───── Data excerpts ─────
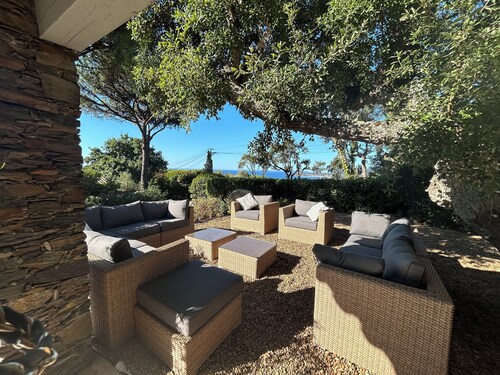 Villa 4 chambres, 4 salles de bain et clim, piscine, vue mer et village à pied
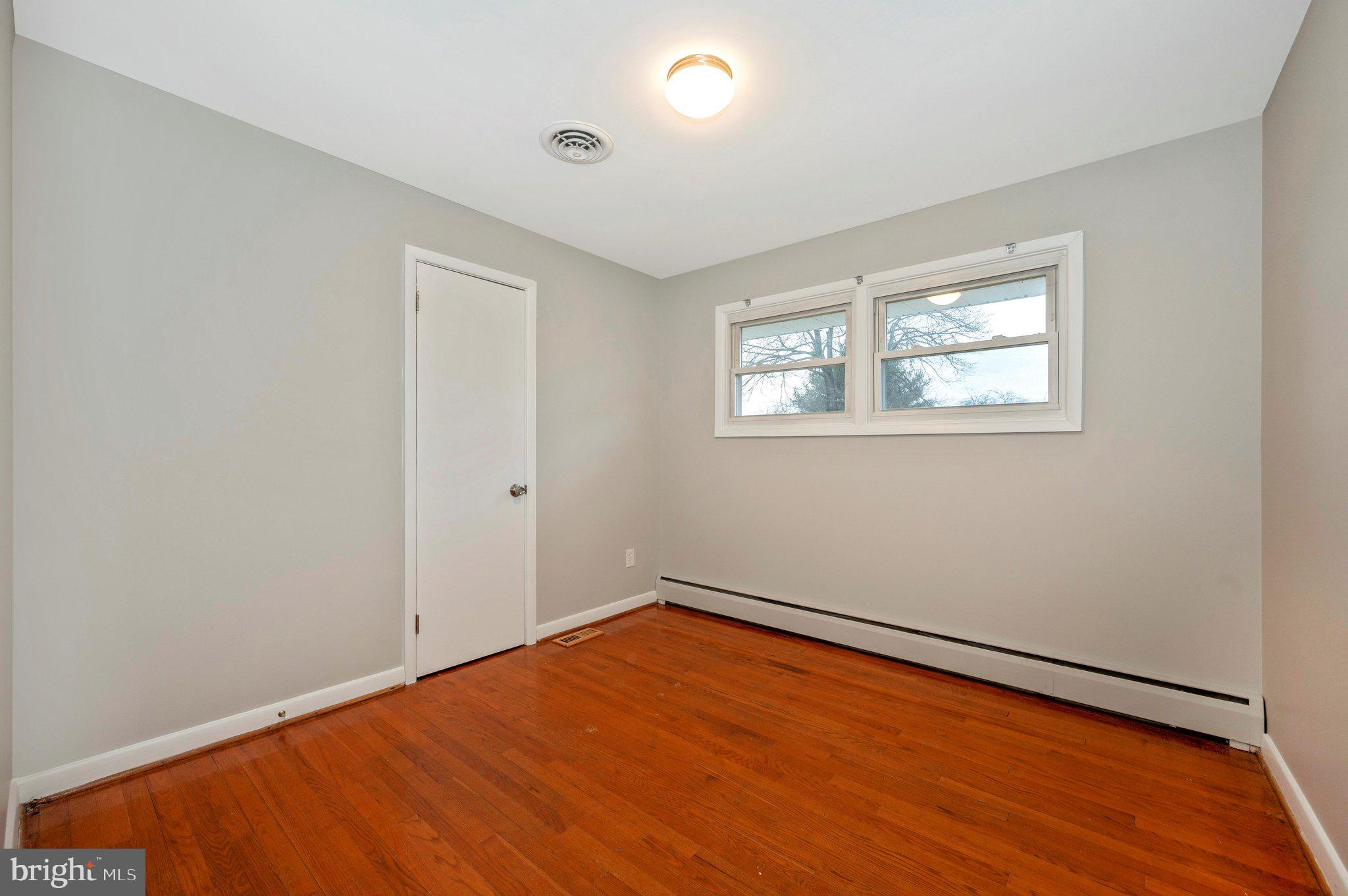 2401 Flag Marsh Road Mount Airy, MD 21771 - Photo 26 of 53 Bedroom 3
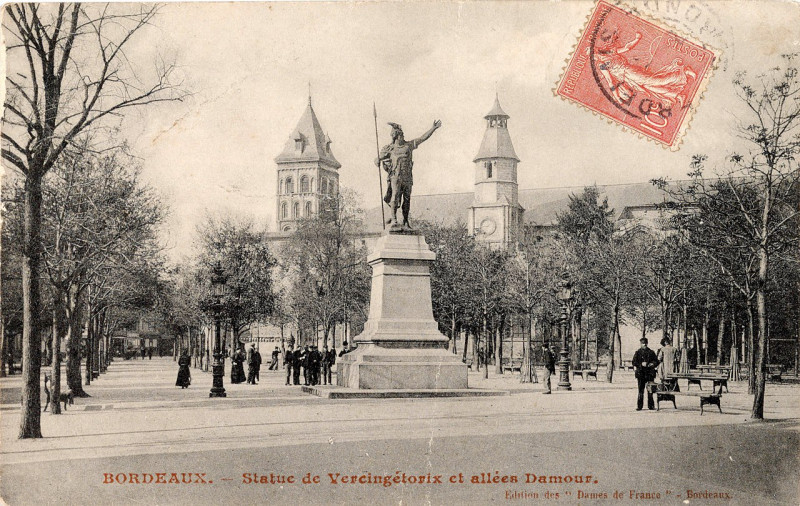 Carte postale ancienne Bordeaux - allées Damour 1 à Bordeaux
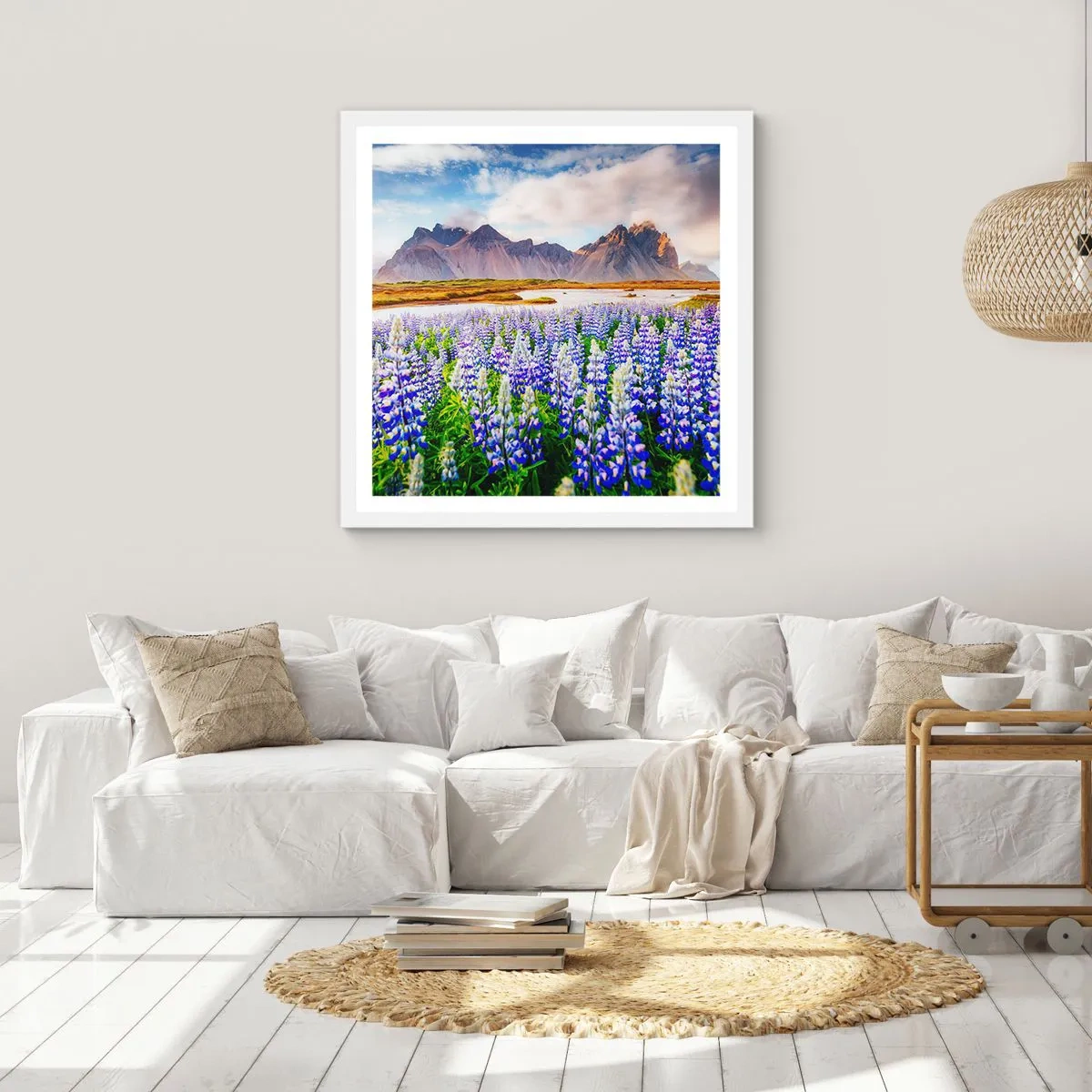 Poster în ramă albă - Putere și severitate alături de blândețe - 50x50 cm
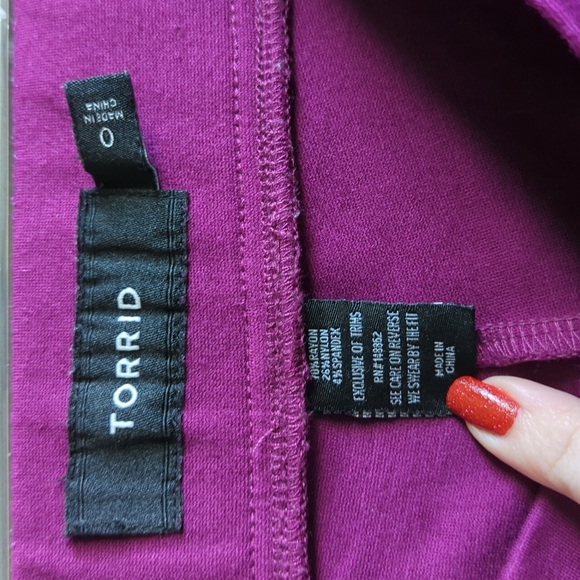 Torrid Ponte Purple Cropped Pants - Picture 6 of 6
─────
### What you need to do
Omit the pictures and reproduce the records above exactly.

### Reply
 Villa 4 chambres, 4 salles de bain et clim, piscine, vue mer et village à pied
 2401 Flag Marsh Road Mount Airy, MD 21771 - Photo 26 of 53 Bedroom 3
 Carte postale ancienne Bordeaux - allées Damour 1 à Bordeaux
 Poster în ramă albă - Putere și severitate alături de blândețe - 50x50 cm
 Torrid Ponte Purple Cropped Pants - Picture 6 of 6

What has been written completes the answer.